Task to carry out ▸
The entries must be retyped exactly, down to the last line.
----------------------------------------
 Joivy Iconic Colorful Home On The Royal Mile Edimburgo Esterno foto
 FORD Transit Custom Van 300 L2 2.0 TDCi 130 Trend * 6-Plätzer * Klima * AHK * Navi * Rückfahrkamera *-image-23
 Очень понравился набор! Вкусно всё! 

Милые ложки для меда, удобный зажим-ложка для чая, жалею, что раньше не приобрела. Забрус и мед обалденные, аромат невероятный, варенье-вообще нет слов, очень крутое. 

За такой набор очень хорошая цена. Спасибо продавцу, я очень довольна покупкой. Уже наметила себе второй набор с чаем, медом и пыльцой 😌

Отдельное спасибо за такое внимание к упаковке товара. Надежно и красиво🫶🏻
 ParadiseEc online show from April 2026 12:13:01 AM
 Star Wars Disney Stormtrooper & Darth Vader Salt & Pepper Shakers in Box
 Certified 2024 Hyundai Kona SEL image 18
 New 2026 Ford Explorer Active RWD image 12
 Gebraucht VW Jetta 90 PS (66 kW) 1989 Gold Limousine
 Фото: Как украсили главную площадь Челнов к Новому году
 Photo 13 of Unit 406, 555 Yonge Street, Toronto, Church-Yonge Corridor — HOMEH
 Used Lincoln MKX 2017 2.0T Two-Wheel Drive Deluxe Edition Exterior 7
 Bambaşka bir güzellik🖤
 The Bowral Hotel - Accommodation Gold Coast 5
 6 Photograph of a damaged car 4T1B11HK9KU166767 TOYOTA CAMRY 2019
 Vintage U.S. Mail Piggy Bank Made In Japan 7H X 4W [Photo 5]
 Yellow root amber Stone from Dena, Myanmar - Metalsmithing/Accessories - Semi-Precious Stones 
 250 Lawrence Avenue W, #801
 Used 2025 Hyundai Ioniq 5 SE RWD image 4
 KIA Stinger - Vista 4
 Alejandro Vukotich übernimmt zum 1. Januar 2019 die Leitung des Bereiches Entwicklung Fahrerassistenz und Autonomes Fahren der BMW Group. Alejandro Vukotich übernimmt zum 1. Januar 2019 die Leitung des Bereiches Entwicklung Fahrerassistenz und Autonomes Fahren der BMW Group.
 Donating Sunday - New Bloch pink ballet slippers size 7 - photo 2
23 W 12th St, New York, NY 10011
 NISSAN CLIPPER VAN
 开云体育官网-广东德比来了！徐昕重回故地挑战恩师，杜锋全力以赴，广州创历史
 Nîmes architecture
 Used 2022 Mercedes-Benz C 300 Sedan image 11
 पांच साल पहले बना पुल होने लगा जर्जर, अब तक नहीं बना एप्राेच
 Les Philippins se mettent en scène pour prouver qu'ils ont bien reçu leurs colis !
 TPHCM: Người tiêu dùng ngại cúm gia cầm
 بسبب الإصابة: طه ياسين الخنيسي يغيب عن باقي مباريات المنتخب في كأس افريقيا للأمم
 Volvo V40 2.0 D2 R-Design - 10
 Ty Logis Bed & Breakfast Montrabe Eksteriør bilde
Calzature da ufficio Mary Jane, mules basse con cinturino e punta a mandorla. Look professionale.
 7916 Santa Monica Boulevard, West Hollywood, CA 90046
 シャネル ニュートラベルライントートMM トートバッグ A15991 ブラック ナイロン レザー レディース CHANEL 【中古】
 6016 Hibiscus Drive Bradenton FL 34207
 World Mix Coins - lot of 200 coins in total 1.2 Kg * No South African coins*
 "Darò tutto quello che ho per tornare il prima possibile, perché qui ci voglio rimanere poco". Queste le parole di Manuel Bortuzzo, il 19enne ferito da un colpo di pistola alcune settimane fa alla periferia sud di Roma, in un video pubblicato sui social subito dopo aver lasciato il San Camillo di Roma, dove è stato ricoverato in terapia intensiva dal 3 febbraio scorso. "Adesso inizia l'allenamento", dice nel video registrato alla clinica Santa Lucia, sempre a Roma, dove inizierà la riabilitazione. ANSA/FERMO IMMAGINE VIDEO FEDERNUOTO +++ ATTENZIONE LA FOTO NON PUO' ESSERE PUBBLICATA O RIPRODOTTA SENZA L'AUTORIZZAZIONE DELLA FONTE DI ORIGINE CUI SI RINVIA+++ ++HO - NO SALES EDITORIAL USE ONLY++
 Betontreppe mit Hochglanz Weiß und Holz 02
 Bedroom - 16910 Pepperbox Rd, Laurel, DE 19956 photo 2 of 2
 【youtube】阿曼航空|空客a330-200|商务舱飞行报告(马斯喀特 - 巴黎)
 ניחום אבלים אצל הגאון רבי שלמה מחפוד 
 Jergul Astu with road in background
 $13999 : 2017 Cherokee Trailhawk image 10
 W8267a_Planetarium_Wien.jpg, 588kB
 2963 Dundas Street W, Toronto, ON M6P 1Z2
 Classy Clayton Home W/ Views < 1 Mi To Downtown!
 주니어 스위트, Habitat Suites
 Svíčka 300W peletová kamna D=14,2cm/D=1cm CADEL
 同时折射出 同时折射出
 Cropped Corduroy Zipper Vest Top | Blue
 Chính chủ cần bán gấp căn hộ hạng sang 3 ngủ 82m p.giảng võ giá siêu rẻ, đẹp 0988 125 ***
----------------------------------------
Exercise response ▸
 Joivy Iconic Colorful Home On The Royal Mile Edimburgo Esterno foto
 FORD Transit Custom Van 300 L2 2.0 TDCi 130 Trend * 6-Plätzer * Klima * AHK * Navi * Rückfahrkamera *-image-23
 Очень понравился набор! Вкусно всё! 

Милые ложки для меда, удобный зажим-ложка для чая, жалею, что раньше не приобрела. Забрус и мед обалденные, аромат невероятный, варенье-вообще нет слов, очень крутое. 

За такой набор очень хорошая цена. Спасибо продавцу, я очень довольна покупкой. Уже наметила себе второй набор с чаем, медом и пыльцой 😌

Отдельное спасибо за такое внимание к упаковке товара. Надежно и красиво🫶🏻
 ParadiseEc online show from April 2026 12:13:01 AM
 Star Wars Disney Stormtrooper & Darth Vader Salt & Pepper Shakers in Box
 Certified 2024 Hyundai Kona SEL image 18
 New 2026 Ford Explorer Active RWD image 12
 Gebraucht VW Jetta 90 PS (66 kW) 1989 Gold Limousine
 Фото: Как украсили главную площадь Челнов к Новому году
 Photo 13 of Unit 406, 555 Yonge Street, Toronto, Church-Yonge Corridor — HOMEH
 Used Lincoln MKX 2017 2.0T Two-Wheel Drive Deluxe Edition Exterior 7
 Bambaşka bir güzellik🖤
 The Bowral Hotel - Accommodation Gold Coast 5
 6 Photograph of a damaged car 4T1B11HK9KU166767 TOYOTA CAMRY 2019
 Vintage U.S. Mail Piggy Bank Made In Japan 7H X 4W [Photo 5]
 Yellow root amber Stone from Dena, Myanmar - Metalsmithing/Accessories - Semi-Precious Stones 
 250 Lawrence Avenue W, #801
 Used 2025 Hyundai Ioniq 5 SE RWD image 4
 KIA Stinger - Vista 4
 Alejandro Vukotich übernimmt zum 1. Januar 2019 die Leitung des Bereiches Entwicklung Fahrerassistenz und Autonomes Fahren der BMW Group. Alejandro Vukotich übernimmt zum 1. Januar 2019 die Leitung des Bereiches Entwicklung Fahrerassistenz und Autonomes Fahren der BMW Group.
 Donating Sunday - New Bloch pink ballet slippers size 7 - photo 2
23 W 12th St, New York, NY 10011
 NISSAN CLIPPER VAN
 开云体育官网-广东德比来了！徐昕重回故地挑战恩师，杜锋全力以赴，广州创历史
 Nîmes architecture
 Used 2022 Mercedes-Benz C 300 Sedan image 11
 पांच साल पहले बना पुल होने लगा जर्जर, अब तक नहीं बना एप्राेच
 Les Philippins se mettent en scène pour prouver qu'ils ont bien reçu leurs colis !
 TPHCM: Người tiêu dùng ngại cúm gia cầm
 بسبب الإصابة: طه ياسين الخنيسي يغيب عن باقي مباريات المنتخب في كأس افريقيا للأمم
 Volvo V40 2.0 D2 R-Design - 10
 Ty Logis Bed & Breakfast Montrabe Eksteriør bilde
Calzature da ufficio Mary Jane, mules basse con cinturino e punta a mandorla. Look professionale.
 7916 Santa Monica Boulevard, West Hollywood, CA 90046
 シャネル ニュートラベルライントートMM トートバッグ A15991 ブラック ナイロン レザー レディース CHANEL 【中古】
 6016 Hibiscus Drive Bradenton FL 34207
 World Mix Coins - lot of 200 coins in total 1.2 Kg * No South African coins*
 "Darò tutto quello che ho per tornare il prima possibile, perché qui ci voglio rimanere poco". Queste le parole di Manuel Bortuzzo, il 19enne ferito da un colpo di pistola alcune settimane fa alla periferia sud di Roma, in un video pubblicato sui social subito dopo aver lasciato il San Camillo di Roma, dove è stato ricoverato in terapia intensiva dal 3 febbraio scorso. "Adesso inizia l'allenamento", dice nel video registrato alla clinica Santa Lucia, sempre a Roma, dove inizierà la riabilitazione. ANSA/FERMO IMMAGINE VIDEO FEDERNUOTO +++ ATTENZIONE LA FOTO NON PUO' ESSERE PUBBLICATA O RIPRODOTTA SENZA L'AUTORIZZAZIONE DELLA FONTE DI ORIGINE CUI SI RINVIA+++ ++HO - NO SALES EDITORIAL USE ONLY++
 Betontreppe mit Hochglanz Weiß und Holz 02
 Bedroom - 16910 Pepperbox Rd, Laurel, DE 19956 photo 2 of 2
 【youtube】阿曼航空|空客a330-200|商务舱飞行报告(马斯喀特 - 巴黎)
 ניחום אבלים אצל הגאון רבי שלמה מחפוד 
 Jergul Astu with road in background
 $13999 : 2017 Cherokee Trailhawk image 10
 W8267a_Planetarium_Wien.jpg, 588kB
 2963 Dundas Street W, Toronto, ON M6P 1Z2
 Classy Clayton Home W/ Views < 1 Mi To Downtown!
 주니어 스위트, Habitat Suites
 Svíčka 300W peletová kamna D=14,2cm/D=1cm CADEL
 同时折射出 同时折射出
 Cropped Corduroy Zipper Vest Top | Blue
 Chính chủ cần bán gấp căn hộ hạng sang 3 ngủ 82m p.giảng võ giá siêu rẻ, đẹp 0988 125 ***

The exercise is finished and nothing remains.